The Mushroom Growers Association has warned the industry could disappear in the next few years if the UK Government doesn't make it easier for migrant workers to arrive here.

THE north’s £64.5 million mushroom industry could disappear in the next few years due to the loss of free movement of workers post-Brexit, a trade body has warned.

The Northern Ireland Mushroom Growers Association (NIMGA), which represents eight of the north’s 10 remaining mushroom farms, said local firms have a vacancy rate of almost 16 per cent.

It has called on the UK Government to add mushroom pickers to its shortage occupation list (SOL) to address the gap.

The list includes occupations where there is a shortage of suitable skilled labour in the UK, making it easier for employers to source migrant workers through a skilled work visa.

The north’s mushroom industry is responsible for producing 10 per cent of all mushrooms sold across the UK and accounts for 40 per cent of horticultural output in Northern Ireland.

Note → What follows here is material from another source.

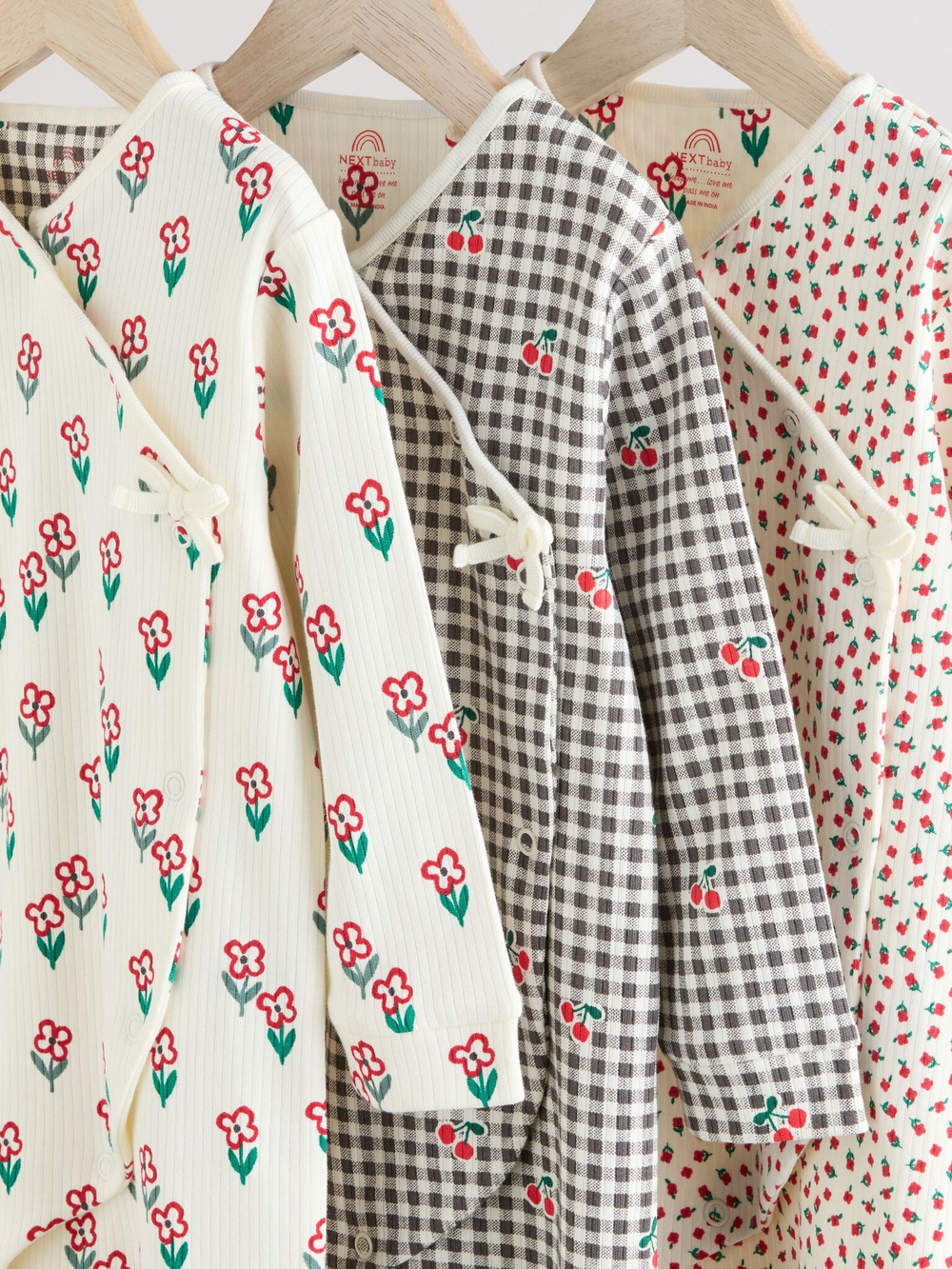 Комбинезон / Cлип для малышей Next E18-364, 3 шт., Молочный, Серый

There are around 723 people now employed full-time within the industry, with more than 300 employed in the supply chain.

Approximately 95 per cent of workers come from EU member states.

NMGA chair, Frank Donnelly said efforts to recruit local workers has not produced the numbers required to meet the demand.

“We are currently sitting with a vacancy rate of 15.8 per cent, which ultimately drives costs up and means we are not able to be as competitive as growers in other regions,” he said.

“The challenge of recruiting local workers to the sector is not unique to Northern Ireland. The horticultural industry across the world has similar challenges, however what is unique to this region is that governments in other jurisdictions have stepped in to create more favourable visa conditions to attract workers from other countries.

“For example, the Irish Government introduced a Rest of the World visa for workers in some industries (including horticulture) to come and work for up to five years. This is on top of the access to labour from other EU member states through freedom of movement.

“With 95 per cent of our workers coming from EU member states, and the end of freedom of movement because of Brexit, farms in Northern Ireland have been left in a desperate situation which is not of their making,” said the association chair.

“Our farms are resilient but the cumulative impact of the lack of access to labour, rising business costs as well lack of competitive playing field with our neighbours in the Republic of Ireland means that farmers are increasingly faced with the prospect of closure or moving operations to the south.

“We hope that the MAC [Migration Advisory Committee], and UK Government, will see the devastating impact which the lack of access to a labour market is having on our industry, and ensure the inclusion of mushroom pickers on the SOL.”